### THE PROBLEM
Your output should be the line with "Set of 2 Kitchen" followed by every remaining line of the entries, reproduced exactly.

(Extracted records)
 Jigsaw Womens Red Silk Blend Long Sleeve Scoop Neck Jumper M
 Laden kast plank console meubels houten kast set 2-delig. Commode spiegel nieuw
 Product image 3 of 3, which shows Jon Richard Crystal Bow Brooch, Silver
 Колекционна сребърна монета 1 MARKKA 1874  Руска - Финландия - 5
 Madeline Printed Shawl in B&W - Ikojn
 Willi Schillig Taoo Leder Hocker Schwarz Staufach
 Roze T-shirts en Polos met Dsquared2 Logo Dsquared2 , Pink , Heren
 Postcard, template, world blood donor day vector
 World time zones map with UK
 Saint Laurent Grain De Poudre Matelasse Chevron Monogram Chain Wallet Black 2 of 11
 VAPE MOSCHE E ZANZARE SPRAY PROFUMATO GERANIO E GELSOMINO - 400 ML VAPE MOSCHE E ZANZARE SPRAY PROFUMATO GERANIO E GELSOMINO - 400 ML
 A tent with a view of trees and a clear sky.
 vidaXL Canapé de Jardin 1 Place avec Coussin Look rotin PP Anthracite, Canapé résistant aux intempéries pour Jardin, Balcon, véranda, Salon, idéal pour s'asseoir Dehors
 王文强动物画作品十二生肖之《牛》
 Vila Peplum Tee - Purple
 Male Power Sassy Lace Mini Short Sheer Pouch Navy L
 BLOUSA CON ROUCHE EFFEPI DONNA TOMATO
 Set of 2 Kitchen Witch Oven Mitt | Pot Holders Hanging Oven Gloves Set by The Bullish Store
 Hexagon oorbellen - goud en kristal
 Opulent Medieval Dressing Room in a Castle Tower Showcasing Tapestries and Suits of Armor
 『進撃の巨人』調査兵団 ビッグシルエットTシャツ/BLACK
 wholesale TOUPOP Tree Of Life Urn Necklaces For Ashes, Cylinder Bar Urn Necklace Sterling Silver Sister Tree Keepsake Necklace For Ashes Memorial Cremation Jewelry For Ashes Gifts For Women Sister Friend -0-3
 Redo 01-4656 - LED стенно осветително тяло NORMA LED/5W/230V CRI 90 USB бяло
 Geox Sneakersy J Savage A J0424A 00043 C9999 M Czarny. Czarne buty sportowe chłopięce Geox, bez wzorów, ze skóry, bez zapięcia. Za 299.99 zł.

### THE COMPLETED TASK
 Set of 2 Kitchen Witch Oven Mitt | Pot Holders Hanging Oven Gloves Set by The Bullish Store
 Hexagon oorbellen - goud en kristal
 Opulent Medieval Dressing Room in a Castle Tower Showcasing Tapestries and Suits of Armor
 『進撃の巨人』調査兵団 ビッグシルエットTシャツ/BLACK
 wholesale TOUPOP Tree Of Life Urn Necklaces For Ashes, Cylinder Bar Urn Necklace Sterling Silver Sister Tree Keepsake Necklace For Ashes Memorial Cremation Jewelry For Ashes Gifts For Women Sister Friend -0-3
 Redo 01-4656 - LED стенно осветително тяло NORMA LED/5W/230V CRI 90 USB бяло
 Geox Sneakersy J Savage A J0424A 00043 C9999 M Czarny. Czarne buty sportowe chłopięce Geox, bez wzorów, ze skóry, bez zapięcia. Za 299.99 zł.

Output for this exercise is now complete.